Table 2 Results of classification using various EEG segment (length).
Figure 11
figure 11

Various EEG segment lengths of classification outcomes.

Figure 12
figure 12

3D-DCAE with Bi-LSTM model accuracy and loss curves while training.

Performance metric comparison of proposed and state-of-the-art-methods

Seizure classification algorithm performance is evaluated using different metrics in literature. The challenge arises when trying to differentiate results obtained from various studies due to this factor. Accuracy, sensitivity and specificity are the three widely used metrics that we will use for comparisons in this section. The comparison in Table 3 demonstrates how our highest-performing model stacks up against various advanced methods that use deep neural networks to extract and classify seizures features. Figure 13 depicts the visualization of metric outcome comparison of existing and proposed model with the same dataset. Compared different SSDAEs to assess their feature extraction and classification capabilities. STFT was utilized for pre-processing.
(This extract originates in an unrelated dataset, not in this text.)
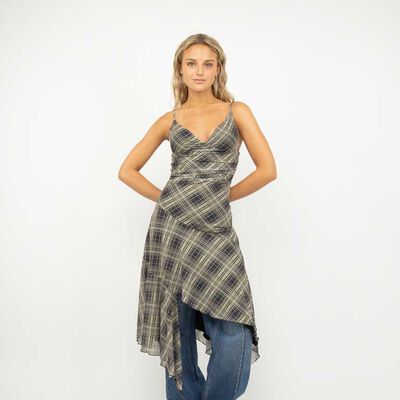 Vestido Tart&aacute;n Asim&eacute;trico Sin Mangas Mujer Icono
They achieved their highest accuracy at 93.82% by randomly selecting the training and testing datasets24. Combining feature extraction, global maximal information coefficient (MIC), and visual geometry group network (VGGNet), enables classification of data. Utilizing fivefold cross-validation allowed them to achieve high levels of accuracy (98.21%), sensitivity (98.91%), and specificity (97.51%)25. Examined frequency domains using FFT and classified personalized ictal or interictal signal patterns using CNN. An average accuracy, sensitivity, and specificity of 97.62%, 96.92%, and 98.22% respectively were obtained for all patients using a six fold cross-validation approach for evaluation26. Spectral and temporal features were extracted by the authors from EEG signals via a 2D-CNN model. A group of training and testing datasets were selected at random for patient-specific classification. Consistently, the cross-patient study produced an accuracy rate, sensitivity rate, and specificity rates as follows: 98.15%, 90.11%, and 91.71% respectively27. Some of the most advanced systems were outperformed by our model’s results in the previous comparison. Not one has the accurate statistical analysis required for conducting a test of significance.
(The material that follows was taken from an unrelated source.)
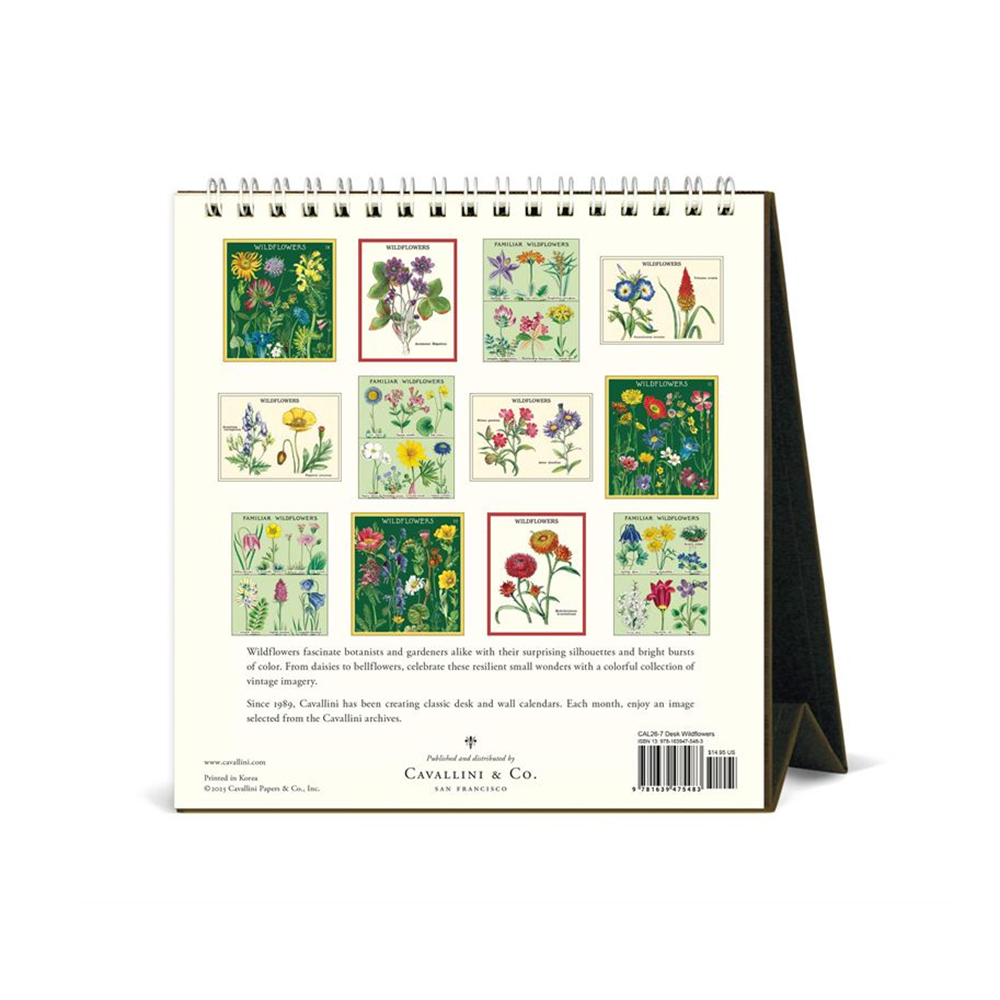 Cavallini 2026 Desk Calendar Wildflowers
Table 3 Performance metric outcome comparison of existing and proposed model using the same dataset.
Figure 13
figure 13

Visualization of metric outcome comparison of existing and proposed model.

Conclusion

A novel approach for detecting seizures in paediatric patients using deep-learning is being proposed. The detection of epileptic seizures is achieved through a novel approach that uses a 3D-LHCAE. This method classifies minimally pre-processed raw multichannel EEG signal recordings. Seizure detection accuracy and efficiency can be improved potentially with this technique. The ability of an AE to learn features automatically while also classifying between ictal and interictal brain state EEG signals is exploited by training it in a labelled hybrid manner. It does this with impressive efficiency. The creation and evaluation of two LHCAE models utilizing BiLSTM and MLP network-based classifiers were based on three different EEG data segments lengths. Two regular deep learning models with the same layers’ structure are compared to both proposed models for their performance. The entire decoder network is taken out with no layers remaining. Training and evaluating the twelve models involve applying a tenfold cross-validation technique. The model that performed the best across all five-evaluation metrics was the LHCAE model incorporating a Bi-LSTM and 4 s EEG segments. The accuracy, sensitivity, specificity, precision and F1 score percentages of this design are: 99.08%, 99.21%, 99.11%, 99.09% and 99.16% respectively. Most of the existing state-of-the-art systems using the same dataset are outperformed by our proposed LHCAE model, which is quite apparent.